Müzikal anlamda The Fame Monster, 1970 ve 1980'lerdeki disko, glam rock ve synthpop müzik türlerinin yanı sıra endüstriyel ve gotik müzik türlerini barındırdı. Ayrıca birçok pop albümünün etkisi altında kaldı. Albüm, moda defile ve pistlerinden esinlendi. Gaga'ya göre ise albüm, aşk, seks, alkol ve daha fazlasını içeren şöhretin karanlık tarafı ile ilgilidir. Sözler, canavarmetaforları taşır.

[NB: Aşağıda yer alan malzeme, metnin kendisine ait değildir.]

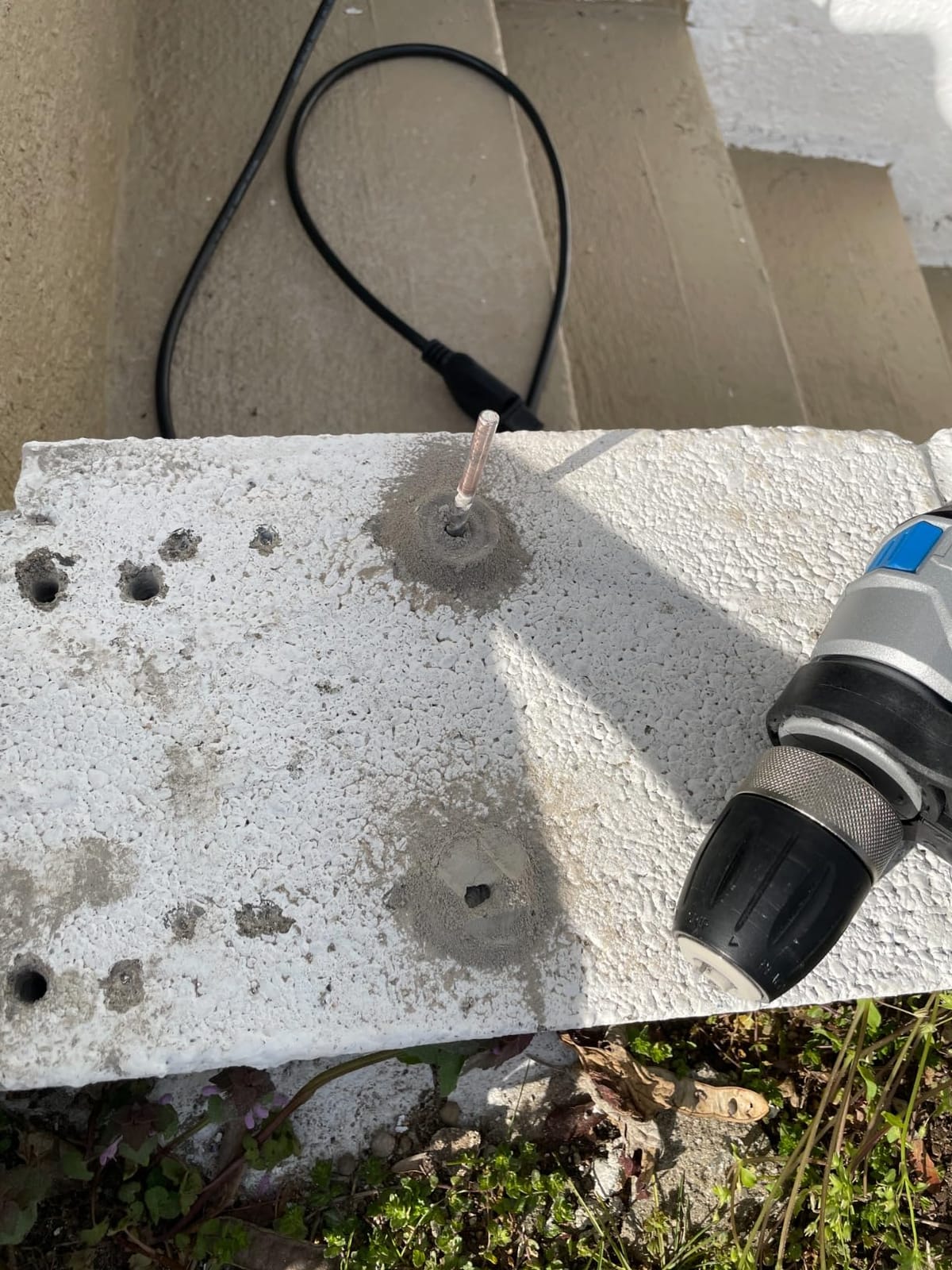 Hammerhead 7.5-Amp 1/2 Inch Variable Speed Hammer Drill with 6pcs Bit - HAHD075 customer photo 2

Hedi Slimane tarafından tasarlanan albüm kapağında Gaga, gotik bir temanın işlendiğini belirtti. Kapak, plak şirketi tarafından kabul edilmedi ancak Gaga şirketi ikna etti. The Fame Monster, müzik eleştirmenlerinden genel anlamda olumlu eleştiriler topladı. Bazı ülkelerde The Fame albümüyle beraber listelerde yer aldı; Almanya, Avustralya, Avusturya, Belçika, Birleşik Krallık, Finlandiya, İrlanda, İsviçre, Polonya ve Yeni Zelanda dâhil olmak üzere birçok ülkede üst sıralara kadar ilerledi. Amerika Birleşik Devletleri'nde Billboard 200 listesinde beş numaraya kadar çıktı, Dans/Elektronik Albümler listesinde zirveye yerleşti.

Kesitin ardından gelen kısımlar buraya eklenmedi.